Memorable. Powerful. Spare.
Then we work with the leaders to cut, cut, cut their elevator pitches down to statements that could be delivered on an actual elevator ride. They leave convinced of the need to minimize words and better prepared to do it.
But when we check in over the next few months to see how well the training plan has been implemented, we often hear that progress has been slow. “I just can’t help myself,” some say, or “She is fine with the opening statements but spends too long answering questions,” a staffer reports.
That’s to be expected; habits don’t change overnight. That’s one of the main reasons we stress (and I mean stress) the use of a “murder board,” or hard-nosed practice session, before leaders head out to communicate for real. It is in essence a live-fire exercise with staff playing the role of reporters or legislators firing questions at the leader, followed by a critique and immediate tactical adjustments.

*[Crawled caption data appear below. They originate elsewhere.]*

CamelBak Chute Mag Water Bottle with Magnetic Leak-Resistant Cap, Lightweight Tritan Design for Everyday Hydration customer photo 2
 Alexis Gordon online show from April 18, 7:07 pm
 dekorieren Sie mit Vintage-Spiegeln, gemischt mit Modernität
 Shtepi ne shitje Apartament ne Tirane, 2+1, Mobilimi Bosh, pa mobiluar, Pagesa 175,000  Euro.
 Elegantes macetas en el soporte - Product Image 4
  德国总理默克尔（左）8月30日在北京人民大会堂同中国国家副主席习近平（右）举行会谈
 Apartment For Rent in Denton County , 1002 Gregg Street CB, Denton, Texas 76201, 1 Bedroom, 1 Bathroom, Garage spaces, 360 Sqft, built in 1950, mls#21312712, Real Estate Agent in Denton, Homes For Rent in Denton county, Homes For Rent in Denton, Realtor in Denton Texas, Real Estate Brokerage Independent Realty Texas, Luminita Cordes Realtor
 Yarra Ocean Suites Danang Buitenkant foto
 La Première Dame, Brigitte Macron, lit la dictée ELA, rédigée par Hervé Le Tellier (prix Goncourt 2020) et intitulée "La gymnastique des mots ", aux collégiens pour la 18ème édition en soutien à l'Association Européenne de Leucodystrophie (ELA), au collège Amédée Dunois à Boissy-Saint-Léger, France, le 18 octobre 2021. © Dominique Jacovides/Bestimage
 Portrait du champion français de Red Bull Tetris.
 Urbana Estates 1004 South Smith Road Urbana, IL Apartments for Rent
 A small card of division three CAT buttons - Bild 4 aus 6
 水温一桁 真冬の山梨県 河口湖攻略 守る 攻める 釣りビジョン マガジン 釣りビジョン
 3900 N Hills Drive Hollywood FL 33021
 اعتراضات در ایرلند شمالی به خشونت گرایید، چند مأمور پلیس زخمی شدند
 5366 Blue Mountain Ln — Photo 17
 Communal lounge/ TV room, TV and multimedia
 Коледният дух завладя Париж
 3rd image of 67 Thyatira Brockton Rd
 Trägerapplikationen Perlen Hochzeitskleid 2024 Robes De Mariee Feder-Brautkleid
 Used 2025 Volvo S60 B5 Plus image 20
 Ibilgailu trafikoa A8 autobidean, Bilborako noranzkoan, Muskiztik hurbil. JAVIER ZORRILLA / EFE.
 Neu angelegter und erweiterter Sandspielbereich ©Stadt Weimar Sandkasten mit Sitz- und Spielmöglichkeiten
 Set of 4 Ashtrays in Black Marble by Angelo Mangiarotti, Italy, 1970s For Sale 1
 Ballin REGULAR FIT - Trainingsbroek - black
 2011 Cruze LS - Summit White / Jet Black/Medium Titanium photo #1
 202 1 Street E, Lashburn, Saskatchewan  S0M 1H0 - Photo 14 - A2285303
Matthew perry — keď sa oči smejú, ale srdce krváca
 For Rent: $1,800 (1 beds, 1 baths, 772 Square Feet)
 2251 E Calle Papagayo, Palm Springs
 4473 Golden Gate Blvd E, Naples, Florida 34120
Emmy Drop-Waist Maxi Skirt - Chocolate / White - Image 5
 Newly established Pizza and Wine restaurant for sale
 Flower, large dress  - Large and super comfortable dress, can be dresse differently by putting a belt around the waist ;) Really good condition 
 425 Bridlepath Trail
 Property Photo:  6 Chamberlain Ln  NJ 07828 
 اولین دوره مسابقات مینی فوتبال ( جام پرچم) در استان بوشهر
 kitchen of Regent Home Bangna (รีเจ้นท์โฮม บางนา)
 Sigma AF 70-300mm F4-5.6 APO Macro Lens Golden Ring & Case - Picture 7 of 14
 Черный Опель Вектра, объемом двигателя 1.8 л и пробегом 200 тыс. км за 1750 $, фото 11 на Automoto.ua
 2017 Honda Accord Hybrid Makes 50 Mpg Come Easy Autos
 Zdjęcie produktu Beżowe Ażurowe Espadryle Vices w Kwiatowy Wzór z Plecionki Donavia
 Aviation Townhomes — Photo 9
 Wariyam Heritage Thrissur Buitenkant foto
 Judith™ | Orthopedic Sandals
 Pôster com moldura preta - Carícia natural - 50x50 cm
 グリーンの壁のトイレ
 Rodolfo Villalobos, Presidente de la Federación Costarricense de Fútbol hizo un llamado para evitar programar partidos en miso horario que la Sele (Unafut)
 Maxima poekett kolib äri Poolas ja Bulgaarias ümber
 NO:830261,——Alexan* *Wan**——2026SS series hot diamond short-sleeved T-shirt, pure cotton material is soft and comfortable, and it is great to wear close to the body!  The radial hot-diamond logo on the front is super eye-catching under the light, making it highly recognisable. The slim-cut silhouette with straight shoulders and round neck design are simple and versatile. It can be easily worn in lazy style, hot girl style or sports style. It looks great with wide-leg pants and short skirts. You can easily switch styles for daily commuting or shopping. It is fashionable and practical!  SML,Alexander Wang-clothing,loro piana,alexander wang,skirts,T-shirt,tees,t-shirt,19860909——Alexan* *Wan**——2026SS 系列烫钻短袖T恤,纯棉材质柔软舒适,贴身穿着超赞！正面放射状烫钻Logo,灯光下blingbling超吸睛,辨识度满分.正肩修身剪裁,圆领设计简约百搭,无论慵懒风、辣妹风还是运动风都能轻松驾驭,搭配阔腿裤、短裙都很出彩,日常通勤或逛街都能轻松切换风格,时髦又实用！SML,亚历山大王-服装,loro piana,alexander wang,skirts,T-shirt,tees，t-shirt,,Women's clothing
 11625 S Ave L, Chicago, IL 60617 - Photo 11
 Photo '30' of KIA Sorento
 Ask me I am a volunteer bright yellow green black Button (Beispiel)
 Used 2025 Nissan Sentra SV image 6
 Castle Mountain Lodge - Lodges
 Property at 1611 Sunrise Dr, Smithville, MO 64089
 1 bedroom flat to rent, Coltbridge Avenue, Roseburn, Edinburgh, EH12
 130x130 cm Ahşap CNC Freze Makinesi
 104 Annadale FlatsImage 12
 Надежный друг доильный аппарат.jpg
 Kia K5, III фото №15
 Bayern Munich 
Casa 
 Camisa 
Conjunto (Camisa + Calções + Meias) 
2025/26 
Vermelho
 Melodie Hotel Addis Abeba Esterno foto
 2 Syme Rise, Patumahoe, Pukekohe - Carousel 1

It’s one part of a healthy culture for effective leader communications. Smart leaders surround themselves with disciplined people who turn this idea into action. We have seen it work wonders. If it only accomplishes one change, cutting words is a giant leap in the right direction.
But you don’t need to have a complete plan in place to start applying this core lesson where you are today: Hone your message down to a short burst that packs power – and deliver it with strength.
That is all I have to say about that.